The real star of the film, at least in my opinion, is Claudette Colbert. This is not a role you would necessarily associate with Colbert while the scene bathing in asses’ milk may be one of her most memorable. She seems perfect as the conniving Poppaea, who uses her power to try to ruin the man she claims to love.

Claudette Colbert as Poppaea.

Colbert would go on to appear in one of her best-known roles in It Happened One Night (1934). Even though she was reluctant to take the part, she would win an Academy Award, one of three nominations she would receive for Best Actress. That same year, she would be loaned to Universal and starred in Imitation of Life. And if that wasn’t enough, she also starred in Cleopatra playing the title role opposite Warren William and Henry Wilcoxon. It was the highest-grossing picture of that year in the United States. That film would be her last to play an overtly sexual character. Fun fact, all three films were nominated for Best Picture at the next year’s Academy Awards. Colbert is, so far, the only actress to star in three films nominated for Best Picture in the same year.

This film is a great example of what a great pre-code film was capable of being in the right hands. Epic in scope, the film titillated, scared, and inspired its audience. It showcased what Cecil B. DeMille could do as a director, which is to tell a bigger than life story. Following a couple of financially disappointing dramas in 1933 and 1934, DeMille would stick to his large-budget spectaculars for the rest of his career. His films include Cleopatra (1934); Union Pacific (1939); Samson and Delilah (1949); The Greatest Show on Earth (1952); and his final film, The Ten Commandments (1956).

DeMille knew how to make what Hall called “an opulent and striking pictorial spectacle.” He further noted, “Throughout this really mammoth production the fine DeMillean hand is noticeable. Where there was a chance to touch up episodes it has been done.” With The Sign of the Cross, DeMille shows all that he has learned in his career, including how to make a big film on a budget.

Cecil B. DeMille directing March and Colbert.

While there is a religious theme throughout, it is not overplayed or the only thing the movie is about.
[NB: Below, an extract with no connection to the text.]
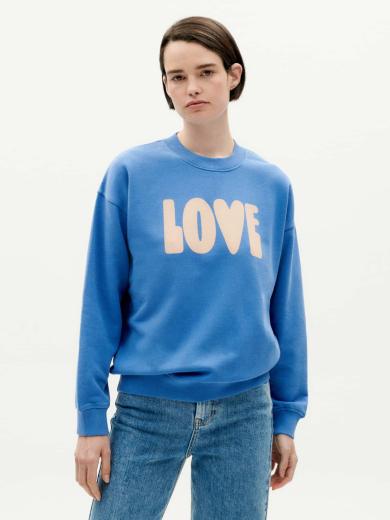 Thinking Mu Love Sweater Ecru Heritage Blue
However, religion was an important part of DeMille’s life and something he was more than comfortable dealing with.

I would definitely recommend The Sign of the Cross. It is a well-made film and tells an interesting story with some really great visuals and good acting. The film is also an example of the sort of story that films without a Production Code hampering them were capable of telling. While AFI viewed a heavily edited version of the film when they did their survey of films, The Sign of the Cross has now been fully restored and is available on Blu-ray through Kino Lorber.